Before that happened, we looked across the whole of China for Synthetaic at almost 10 million square kilometers and were able to find airfields, ports, missile silos, all these things. We used our SkySat imagery to zoom in on specific airfields and look through time to see different kinds of aircraft.

Through AI/ML we were able to do that in minutes versus days or weeks of analyst time. It was an amazing opportunity to let those analysts collaborate with our data, and collaborate with tools that are built on top of this AI capabilities so that it just wildly expands that analyst’s ability to look through our data to find what is interesting to them and to track things they’ve never been able to in the past.

Breaking Defense: Connect that back to the warfighter? Why does it mean for someone on an aircraft carrier in the Indo-Pacific or an Army soldier operating a Patriot missile battery in Poland?

Thomason: It’s about having awareness anywhere in the world, especially for deployed warfighters that need as much visibility as they can get into the theater where they’re operating. You don’t want them to have dated information; you want them to have the latest information.

We also want them to be able to share that information with their mission partners so that they’re all working from a common playbook. They can share Planet’s data openly and in a way that they can’t with their national assets. That transparency and the freshness of the data and the insights it has are things that are of great value to our customers and the government within the defense space.

Breaking Defense: How is this data shareable among services for application in Joint All Domain Command and Control and all-domain operations?

Thomason: Our contracts with the NRO [National Reconnaissance Office] through the EOCL [Electro-Optical Commercial Layer] program define those licenses. We license our data in order to make it shareable between different agencies and user groups within the government. The intent of that license within the EOCL contract is to make it more shareable.

For us, it’s about meeting the real need of the customer and end user. Transparency is a hugely valuable thing, especially for our defense customers. It’s because they’re able to share that they can raise transparency and help to keep us out of a Cold War dynamic where it was the lack of transparency that caused escalation.

The ability to share, to bring transparency between agencies and even countries is something that’s hugely important for Planet.

Breaking Defense: Final thoughts?

Thomason: Planet has several differentiators worth noting. One is our overall coverage. There’s no one else in the world that is imaging the entire Earth at a daily cadence. That capability alone is quite a differentiator.

We feed these AI models in a way that no one else can. If you find something in Canada that is interesting to you, there’s no one else in the world that can show you that point in Canada on any given day three or four years ago. We can find it, we can rewind the image of the Earth back for years and we can look anywhere in the world. That coverage is a huge differentiator for us.

We’ve also pioneered the ability to deliver time series of information. Historically, satellite imagery has been about gleaning as much detail as you can from one image that you have. At Planet we now like to think in a time dimension, as well. It’s not just about what I can tell you about this one image, it’s about what I can tell you about this series of images through time in that one location.

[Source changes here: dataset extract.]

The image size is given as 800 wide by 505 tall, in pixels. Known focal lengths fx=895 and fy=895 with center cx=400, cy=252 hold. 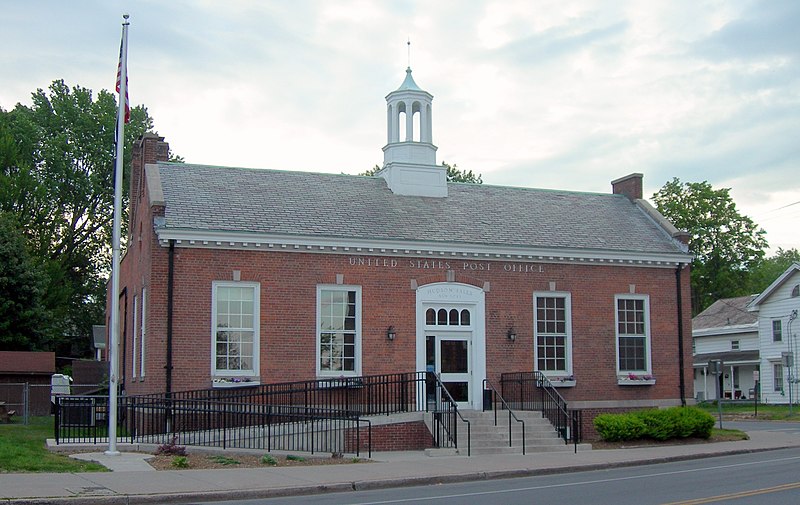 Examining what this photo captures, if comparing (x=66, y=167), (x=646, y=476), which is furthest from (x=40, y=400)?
(x=66, y=167)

The last dimension is spectral resolution. This is where we’re moving the needle with the combination of our eight-band SuperDove and our upcoming 400-band Tanager. We can now give you the spatial, temporal, and now spectral resolution to find interesting things – whether it be identifying unique kinds of material signatures or looking at the Earth in a way that we’ve never been able to in the past, now that we have this new spectral richness in our Tanager data.

Putting all of that together, integrating all of those capabilities into one archive and one catalog, there’s no one else who can offer that richness of data. Again, this is why machine learning/AI model development on top of our archive of data is such a huge opportunity for our partners.